This is an article selected from "The Courier" (journalist Debra Percival) on cooperation between the European Union and the African Union on the improvement of satellite communication, one of the options being the EU's very own EGNOS (European Geostationary Navigation Overlay System).
"An already completed cost-benefit analysis of deploying a system like EGNOS calculates a gain of €1bn for African society", says Fabio Pirotta, spokesperson for the EU's Enterprise and Idustry Commissioner, Antonio Tajani
The African Union (AU) and European Union (EU) are cooperating on how to improve satellite communication navigation in African skies to enhance safety and propel the continent’s economic development forward. One option is to extend the EU’s own European Geostationary Navigation Overlay System (EGNOS) to the whole of the African continent, its benefits extending to aviation and beyond.
The EU wants to extend EGNOS to Africa which uses existing navigation satellite constellations (GPS, Glonass) and potentially, Galileo - a system of 30 satellites in medium orbit in development).
When jointly used with the existing Global Positioning System (GPS) and other satellite constellations presently under development, EGNOS will reduce accidents on approach and landing particularly for regional airports without traditional navigational aids. EGNOS consists of three geostationary satellites and a network of ground stations. It transmits a signal containing information on the reliability and accuracy of the positioning signals sent out by GPS and allows its users to determine their position to within 1.5 metres. Aircraft flying over the northern part of the African continent can already receive information from ground systems placed in North Africa.

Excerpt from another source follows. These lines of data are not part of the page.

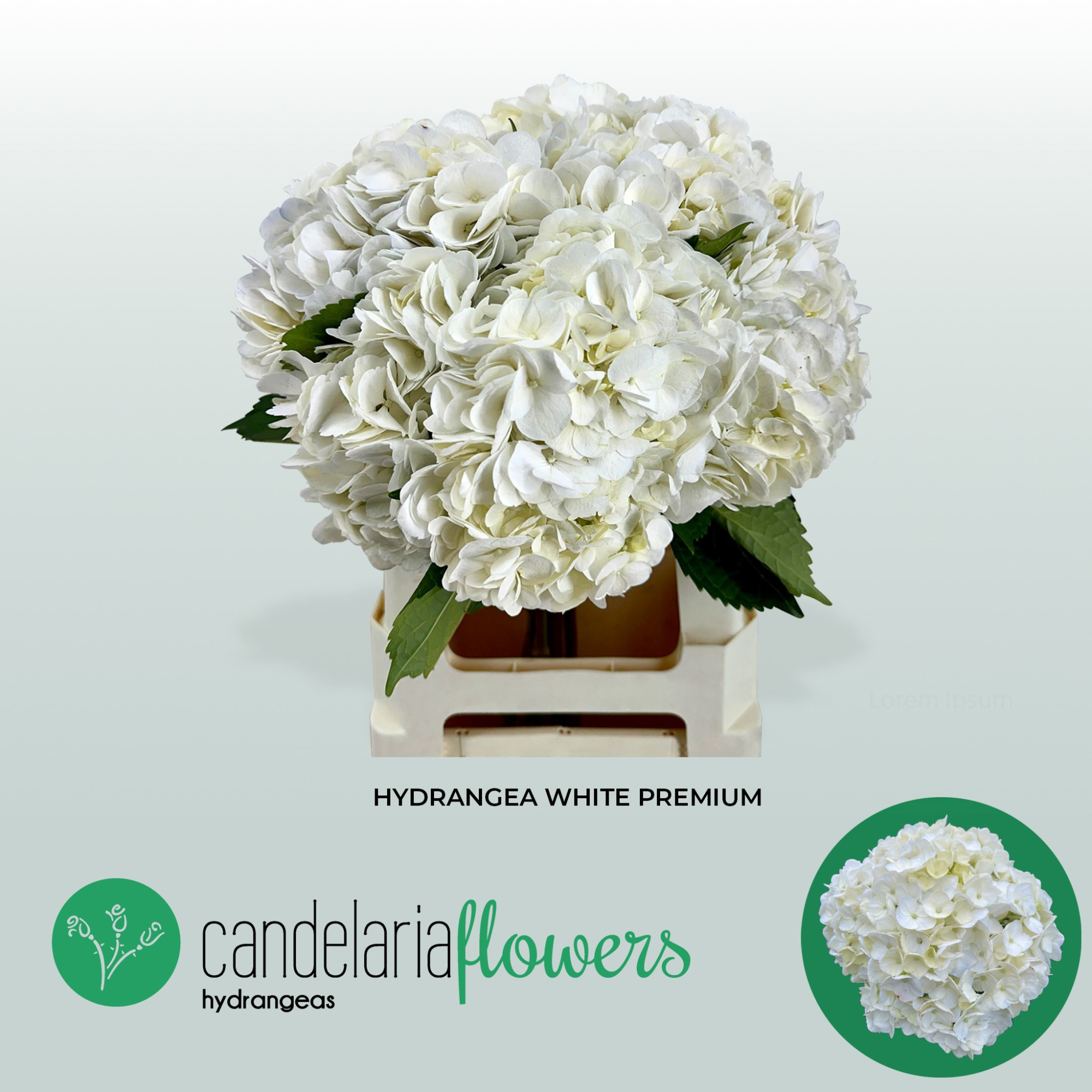 Гортензия Овериг 60, шт.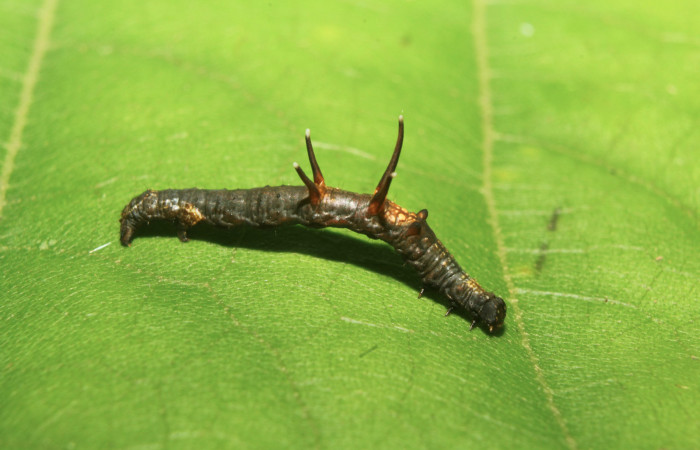 Figura 2. Larva <i>Nematocampa completa</i> (Geometridae), penúltimo estadío (PU) vista dorsal, localidad Medrano Estación Biológica Quica Sector Pitilla ACG (380m). Voucher: 18-SRNP-71661-DHJ750143.jpg.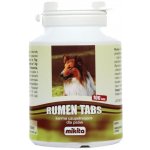 Mikita Rumen tablety 100 tablet – Hledejceny.cz
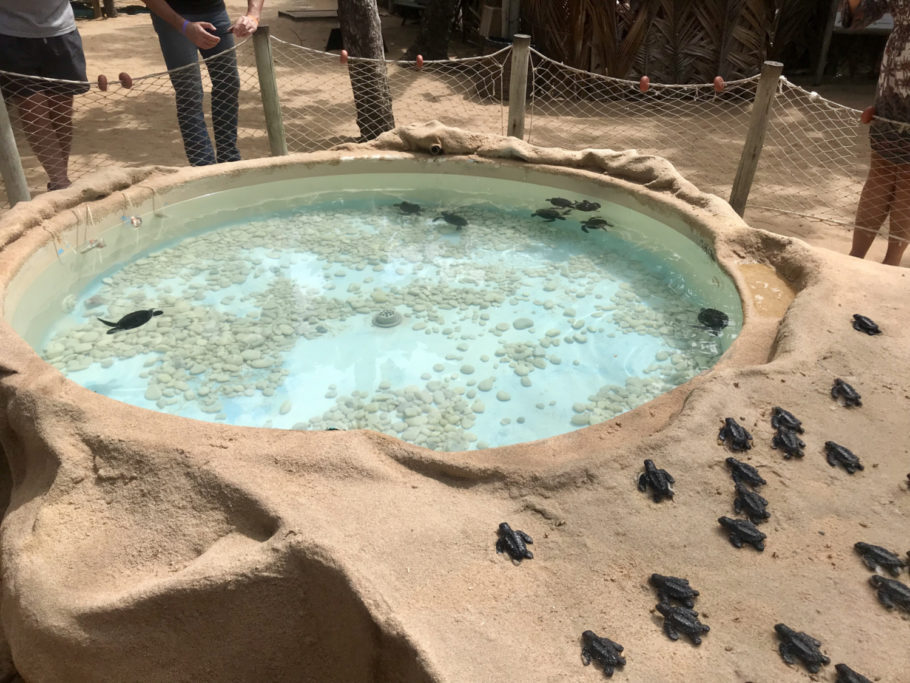 Pequenas piscinas abrigam filhotes de tartarugas marinhas que serão soltas no mar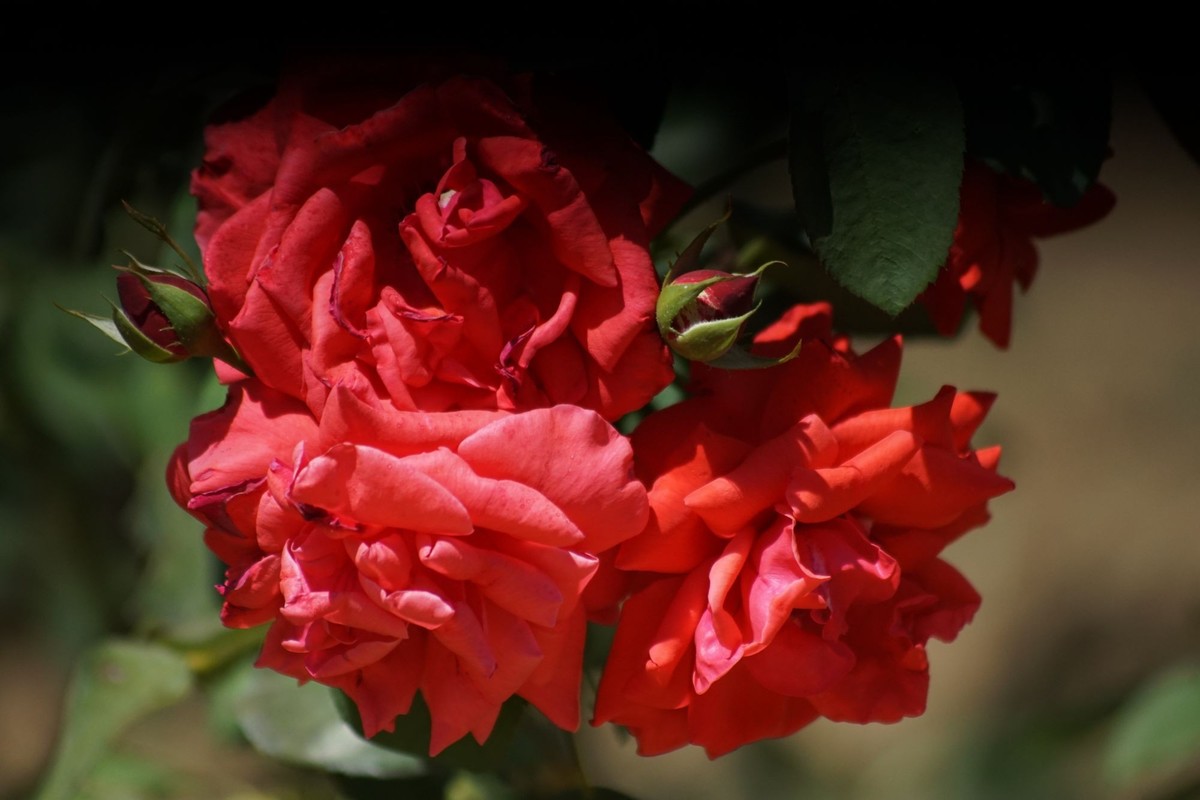 100  300老头拍摄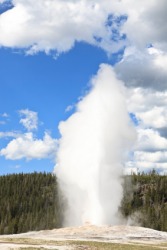 Old Faithful geyser. Old Faithful geyser.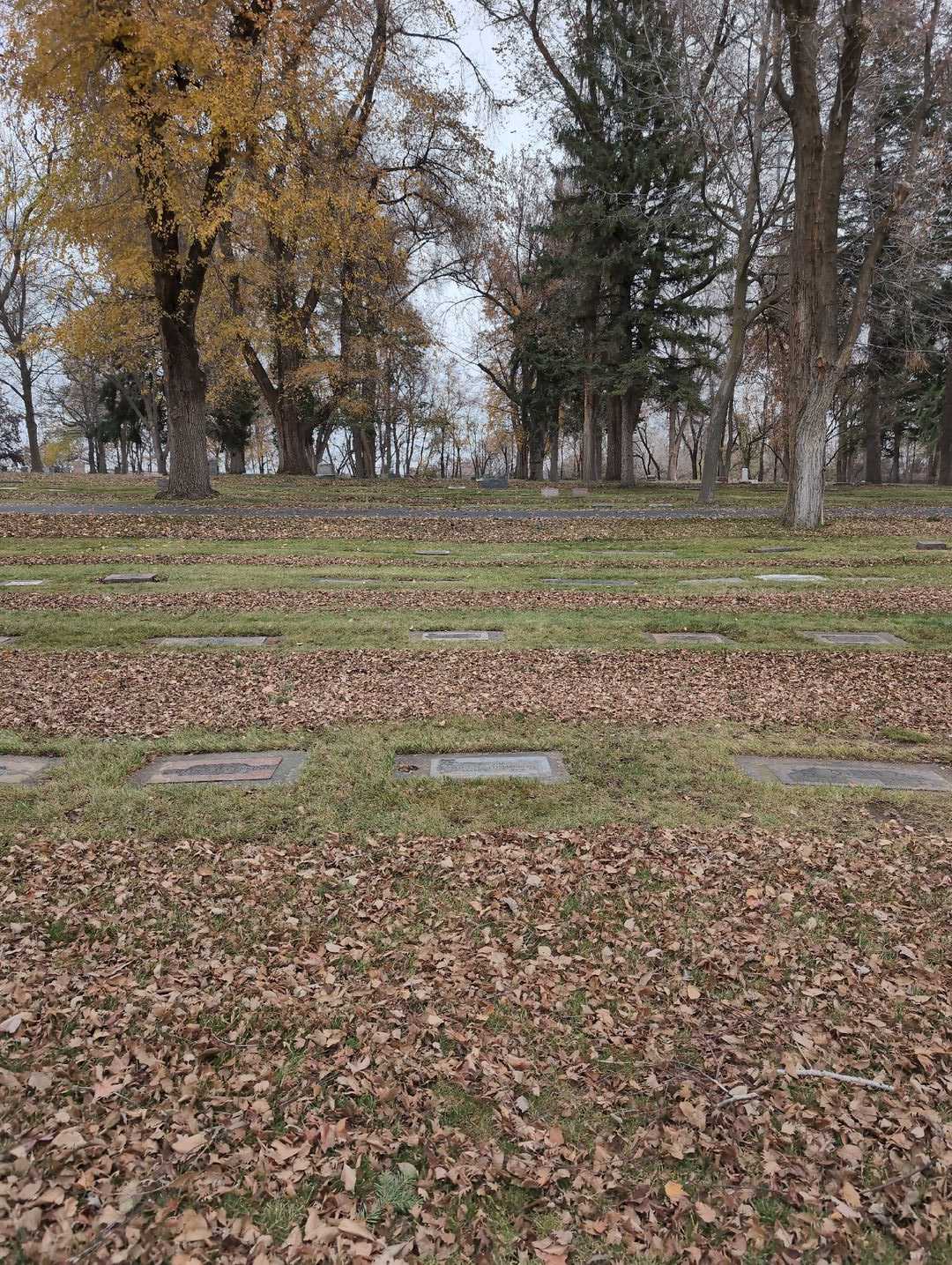 Hermina "Minnie" Thompson's grave. Photo 2
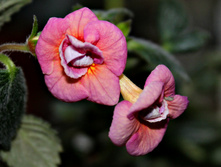 Abendrot - 120 ���.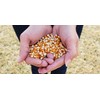 Preferred Popcorn Organic Popcorn, 28 Ounce bag, Pack of 4,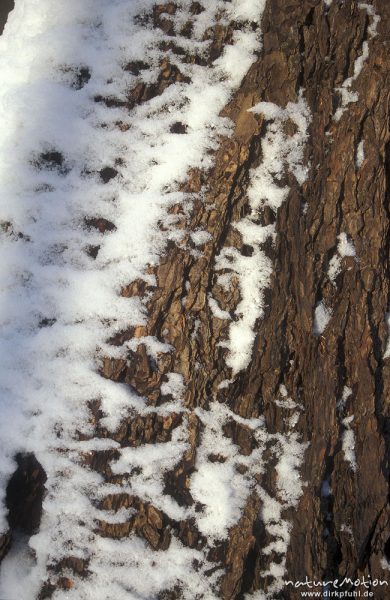 Esche, Fraxinus excelsior, Borke mit Schneeanwehung, Göttinger Wald, Göttingen, Deutschland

“Aircraft from the EU to Africa and vice versa will be able to use the same navigation instruments over both continents. It is also worth mentioning that the same signal is being used in the USA and in Japan, and is being developed in India and Russia”, says Fabio Pirotta, spokesperson for the EU’s Enterprise and Industry Commissioner, Antonio Tajani. “An already completed cost-benefit analysis of deploying a system like EGNOS calculates a gain of €1bn for African society,” adds Pirotta.
Improved air transport navigation and safety standards in African skies were priorities pinpointed at the first Africa-EU aviation high-level meeting in Windhoek, Namibia in April 2009. The potential of an EGNOS-like system was identified in the first Action Plan of the 8th partnership of the Africa-EU strategy dealing with Science, Information Society and Space.
The political go-ahead from the EU for EGNOS (or a similar system) for Africa and a decision on the allimportant issue of funding could come at the end of year at the Africa-EU Summit to be held in Tripoli, Libya on 29-30 November 2010, says Pirotta. “The building of EGNOS has cost over €700M to cover Europe. Any solution to cover Africa would involve sharing part of the EGNOS infrastructure and would hence cost substantially less”, he adds.
The sky’s the limit
Beyond aviation, EGNOS has spin-offs in other sectors and could be applied to improve knowledge of the positioning of seagoing vessels, animal husbandry and land management as well applications in the oil and mining industries.